É inegável que houve, nos últimos anos, certo avanço da visibilidade gay na TV brasileira, atingindo até mesmo a Rede Record, da Igreja Universal do Reino de Deus, ainda que esse avanço vise o lucro em cima de uma importante fatia de mercado, que é o público homossexual. Isso é fruto do avanço do movimento GLBT que, ainda que organizado em forma de ONGs institucionalizadas e ligadas ao governo, conquistou vitórias importantes, como o tratamento gratuito de Aids e a visibilidade crescente das paradas. Exatamente por ser fruto do movimento das ONGs, essa visibilidade que vemos na TV esbarra nas mesmas limitações dessas organizações: vê o público gay como mercado consumidor e evita o enfrentamento com os setores conservadores.
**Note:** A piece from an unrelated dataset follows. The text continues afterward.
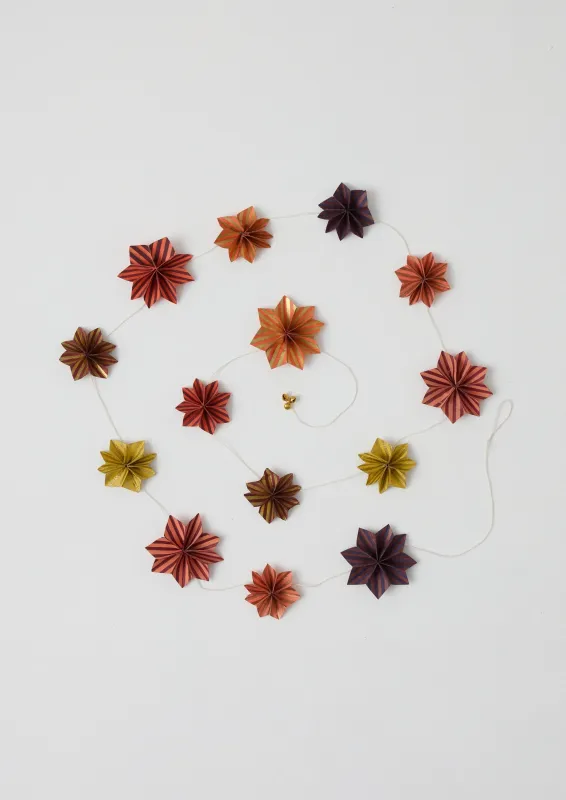 Striped Star Lokta Paper Garland | Berry/Multi sold by TOAST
Esse avanço sutil na visibilidade na TV pode ser observado pela reação do público com os personagens das novelas. Em 1985, a novela Um Sonho a Mais trazia três travestis, interpretadas por Ney Latorraca, Marco Nanini e Patrício Bisso. O choque do público foi tamanho que elas desapareceram da novela. A Próxima Vítima (1995) trazia um casal gay explícito, interpretado por André Gonçalves e Lui Mendes. Ao fim da novela, o ator André Gonçalves foi espancado no Rio de Janeiro. Torre de Babel (1998) tinha um casal lésbico interpretado por Silvia Pfeifer e Christiane Torloni. Houve manifestações de grupos conservadores, como a organização ultraconservadora católica TFP (Tradição, Família e Propriedade). Diante da reação negativa do público e do patrocinador, o casal acabou sendo morto na explosão de um shopping.
Já em América (2005), a possibilidade de um beijo gay no último capítulo, impedido por decisão da Globo, fez com que a novela batesse o recorde de audiência. De lá pra cá, todas as novelas possuem um casal gay – fórmula que atrai o público gay para assistir e discutir as novelas, mas depois joga um balde de água fria em qualquer expectativa desse público.
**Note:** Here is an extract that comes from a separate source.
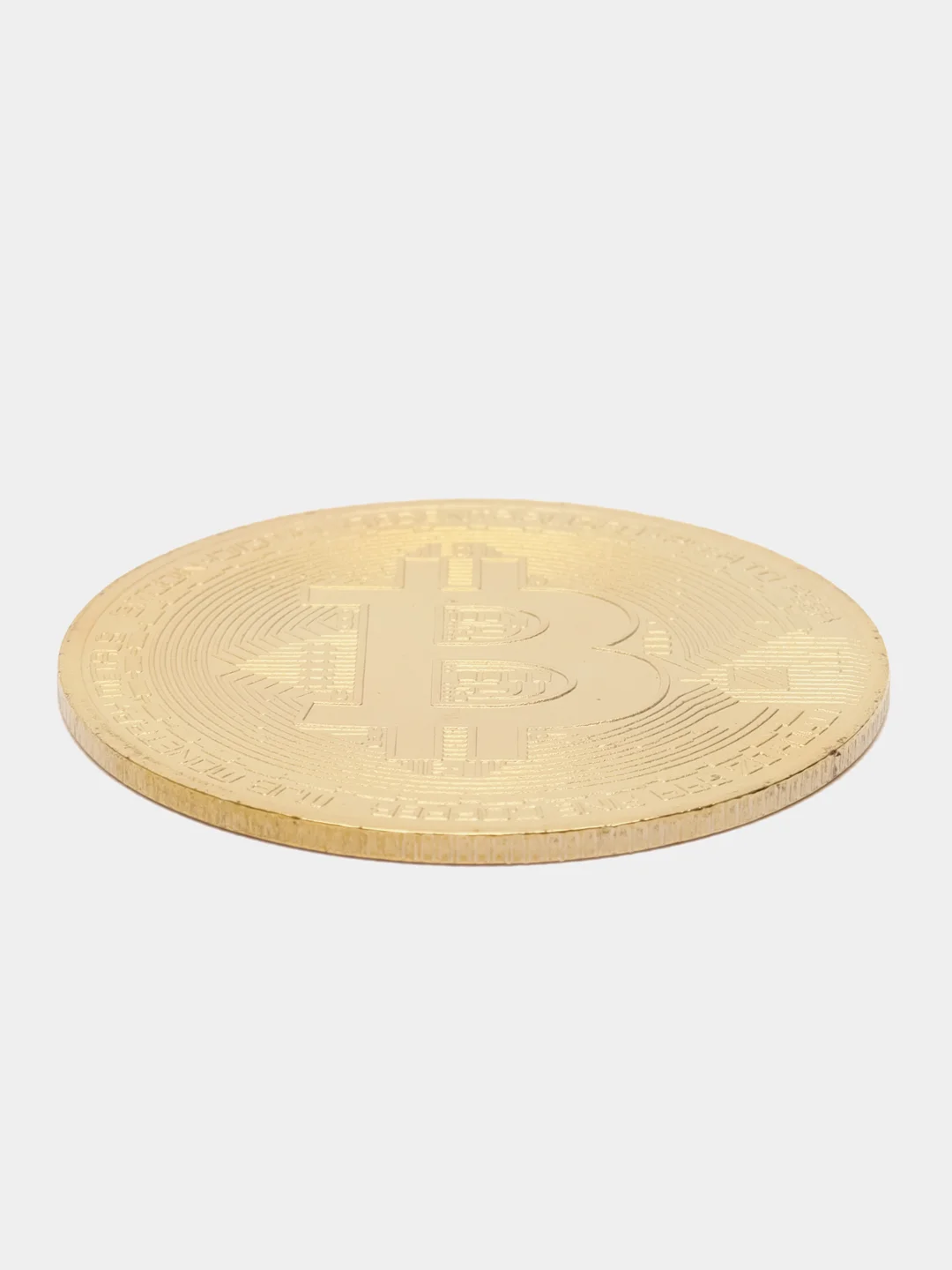 Монета Биткоин / Bitcoin / Сувенирная монета / Сувенир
A visibilidade da TV e a visibilidade que queremos
Na TV, quando não é motivo de chacota, como em várias novelas e em duvidáveis programas de humor – como Casseta & Planeta, Zorra Total, Toma Lá Dá Cá, A Praça é Nossa etc. – nem retratada com personagens carismáticos, mas completamente distantes dos homossexuais da vida real, a homossexualidade é associada à algo passível de cura ou associada à perversão, criminalidade, e desequilíbrio mental, como mostra A Favorita.
Embora tenha havido um avanço sutil, a visibilidade historicamente reivindicada pelo movimento GLBT está longe de ser alcançada. Lutamos por visibilidade para mostrar que somos reais e quem realmente somos. Lutamos por visibilidade para poder mostrar nossas reivindicações e garantir nossos direitos. E, acima de tudo, lutamos por visibilidade para acabarmos com a homofobia e andarmos nas ruas sem medo.